Kicking it down the road.
There are, as stated, open source alternatives. So people can be 'very concerned' all they like. But at this stage they need to look in the mirror.
Re: Still?
Same. It has been. Literally. Years. I did this myself, in less than a week, years ago, at a job from which I've since retired, because it was fscking YEARS ago, I can't even remember how long. Sometime around Java 9 I think. You build your app with an embedded runtime using jlink from the JDK you're building from, naming the modules you need, or if you can go fully modular that happens automatically, which you get from openjdk, adoptium, azul, whoever you like. Done. Forever done.

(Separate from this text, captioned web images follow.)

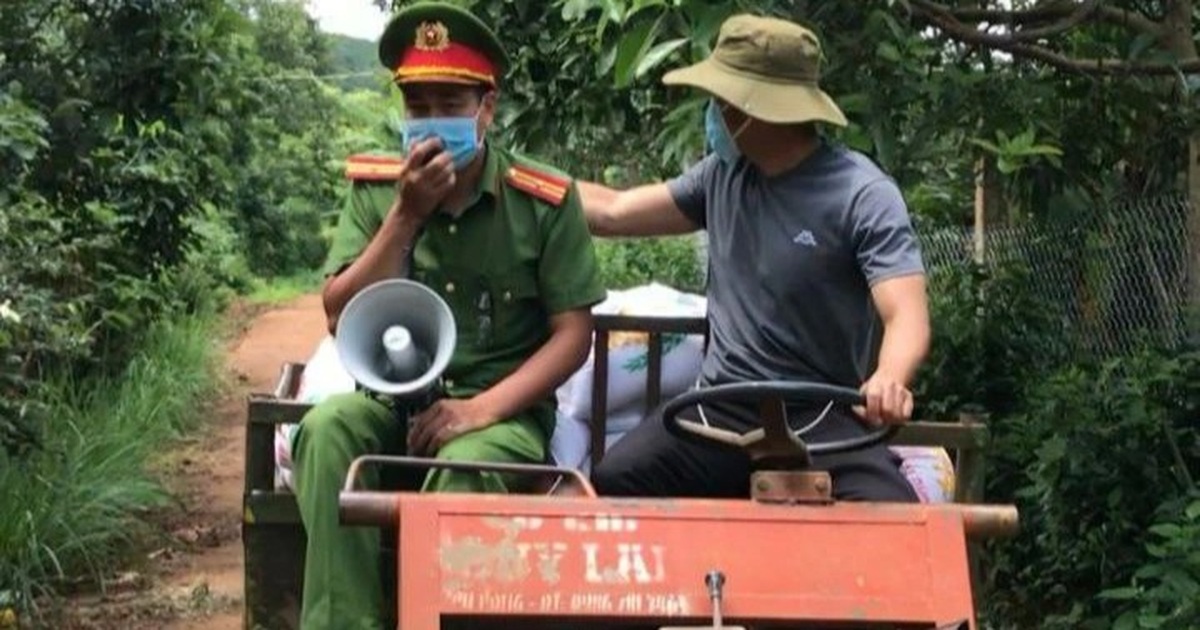 Công an đi máy cày vào buôn tuyên truyền phòng chống dịch Covid-19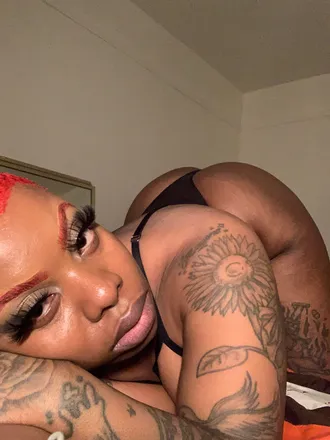 OnlyFans cuenta muvamay_i header 2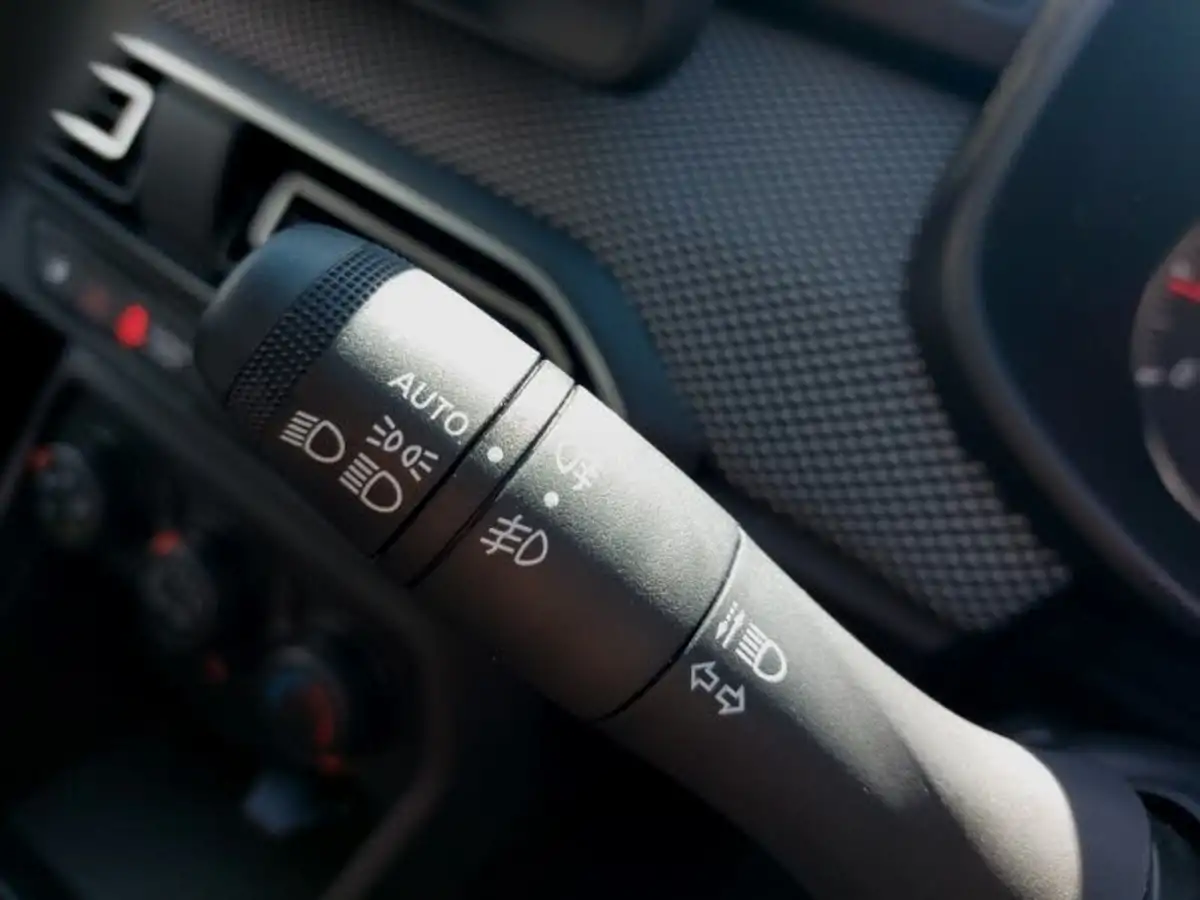 2022-dacia-sandero-10-tce-comfort-90bhp-big-18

How are people *still* getting tripped up by this? How many do-nothing IT departments are there out there? How many orphaned app deployments from vendors who were stiffed so often they went out of business that you have to keep running on some ancient rig?
Re: Still?
Some vendors who are using it, are pushing the cost onto the customer.

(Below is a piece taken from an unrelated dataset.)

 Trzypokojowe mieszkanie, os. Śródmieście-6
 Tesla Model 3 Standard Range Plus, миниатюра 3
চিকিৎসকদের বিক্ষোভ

In that case, the customer is on the hook for the Java costs, because they have to stick with the vendors product. Either that or shift vendor, and some markets have very little viable competition.
"The Register has asked Oracle to comment"
"Sorry, all our operators are busy censoring TikTok and screwing British councils. Please leave your number and we might eventually get back to you."
^ Thank you for the laugh of the day! XD
"Survey finds nine in ten customers concerned as pricing changes push many toward open source alternatives"
It's not only the initial charges but also the notorious licence compliance investigations that quite conveniently favour Oracle. Someone ought to tell Larry that price gouging is just so yesterday.
Seem legally dubious
This idea of charging licences based on the number of employees who *could potentially* run an application seems ludicrous.
Actually, it's worse than that. You could end up having to pay for employees who might not even have any technical ability - location, operating system, access controls, etc - to even run Java.
It's like Hertz leaving a car next to your car park with the keys in it and then trying to charge you rental fees for each day it's sat there.
Seems like a scam to me.
Re: Seem legally dubious
Of course its a scam, its a bloody massive dishonest scam.
What goes around comes around, that's the up side, they too will be screwed at some point by their greed.
Re: Seem legally dubious
'employees who might not even have any technical ability'
Oracle have heard rumours about people sent round to do the local garbage collection.
Re: Seem legally dubious
Typical Oracle licensing scam. Nothing new there. Move along...
Some of us predicted this move when the change was first announced. If you have not moved to an alternative Java JVM by now then you deserve everything that Oracle is going to throw at you.
Hive off all your Oracle Java applications ...
and servers into a separate company with one employee. That company then provides the services that run on Java.
Sounds like a nice idea but I suspect that this is forbidden somewhere in the license 'agreement'.
.
The word 'agreement' is a lie, it is an imposition. The worst thing is that Oracle can change it at will to catch customers out in ways that they could not have for-seen.
Still?
I wonder why we're still talking about Oracle in the context of Java. The company I was working for at the time switched across to openjdk back at the start of 2019 when licensing changes started, and didn't look back. If businesses are now concerned, what have they been doing for the last 7 years?